An independent advisory panel appointed by Congress issued a report on Monday that is sharply critical of the Bush administrations cyber-security policy, saying it is tepid and relies too much on the cooperation of the private sector.
The report is the fourth annual study delivered by the Advisory Panel to Assess Domestic Response Capabilities for Terrorism Involving Weapons of Mass Destruction, headed by former Virginia Gov. James Gilmore. The document takes the government to task for failing to adopt the panels earlier recommendations to improve security and concludes that "national coordination of cyber security policy has not significantly improved."
The panel recommended that Congress establish an independent commission to suggest strategies for critical infrastructure protection and that the White House merge its physical and information security staffs to increase efficiency and reduce confusion over responsibility.
The panel, also known as the Gilmore Commission, says in its report that the National Strategy to Secure Cyberspace, released in draft form in September, "poses what we view as voluntary, tactical responses to an inherently strategic problem of national importance. If it is adopted, it will be a step in the right direction, but a small step indeed." The commission also says that the strategy, prepared by the Presidents Critical Infrastructure Protection Board, "apparently has not been cleared by the full board despite appearances to the contrary in the introductory letter."

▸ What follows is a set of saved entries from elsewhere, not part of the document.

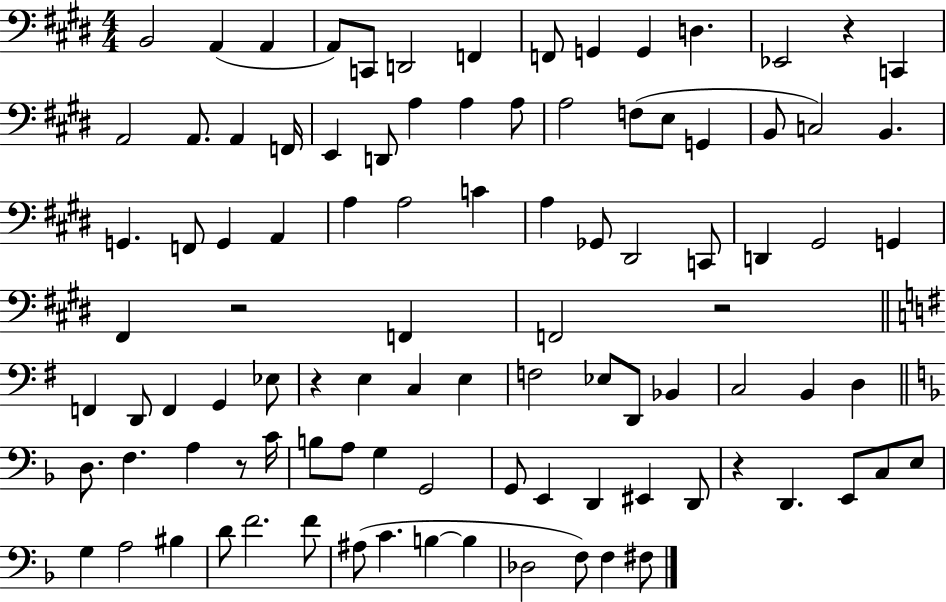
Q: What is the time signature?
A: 4/4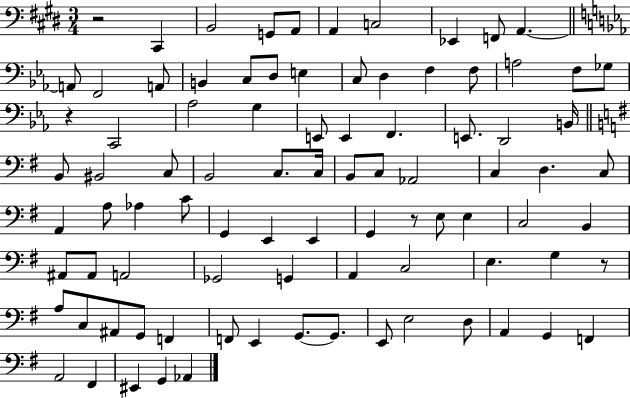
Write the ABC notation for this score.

X:1
T:Untitled
M:3/4
L:1/4
K:E
z2 ^C,, B,,2 G,,/2 A,,/2 A,, C,2 _E,, F,,/2 A,, A,,/2 F,,2 A,,/2 B,, C,/2 D,/2 E, C,/2 D, F, F,/2 A,2 F,/2 _G,/2 z C,,2 _A,2 G, E,,/2 E,, F,, E,,/2 D,,2 B,,/4 B,,/2 ^B,,2 C,/2 B,,2 C,/2 C,/4 B,,/2 C,/2 _A,,2 C, D, C,/2 A,, A,/2 _A, C/2 G,, E,, E,, G,, z/2 E,/2 E, C,2 B,, ^A,,/2 ^A,,/2 A,,2 _G,,2 G,, A,, C,2 E, G, z/2 A,/2 C,/2 ^A,,/2 G,,/2 F,, F,,/2 E,, G,,/2 G,,/2 E,,/2 E,2 D,/2 A,, G,, F,, A,,2 ^F,, ^E,, G,, _A,,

The PCIPB wasted a prime opportunity to improve the cyber-security policies and procedures of the government as well as the private sector by issuing such a weakly worded document full of voluntary recommendations, the commissions report says.
"In focusing on the need for public-private partnership so intensely, the government has failed to recognize the fundamental importance of market factors and largely failed to exercise any of its powers besides persuasion," the report says. "There has been no change in the significant market disincentives to the adoption of cyber security measures necessary for ensuring the viability of critical functions performed by the information infrastructure.
"Applying this same standard to the public sector has produced the result that no one is clearly responsible for the security of information infrastructure commons or held accountable for cyber security lapses. There are essentially little or no consequences for federal government agencies and officials who do not take prudent steps to improve cyber security."
Officials at the PCIPB in Washington did not return a call seeking comment.
The commissions remarks echo the sentiments of security personnel and CIOs, many of whom said the national strategy is too weak and watered-down to be of much use. But, Bush administration security officials have said consistently that they want to avoid any new legislation or regulations regarding information security.
The next version of the national strategy is due for release by the end of this year.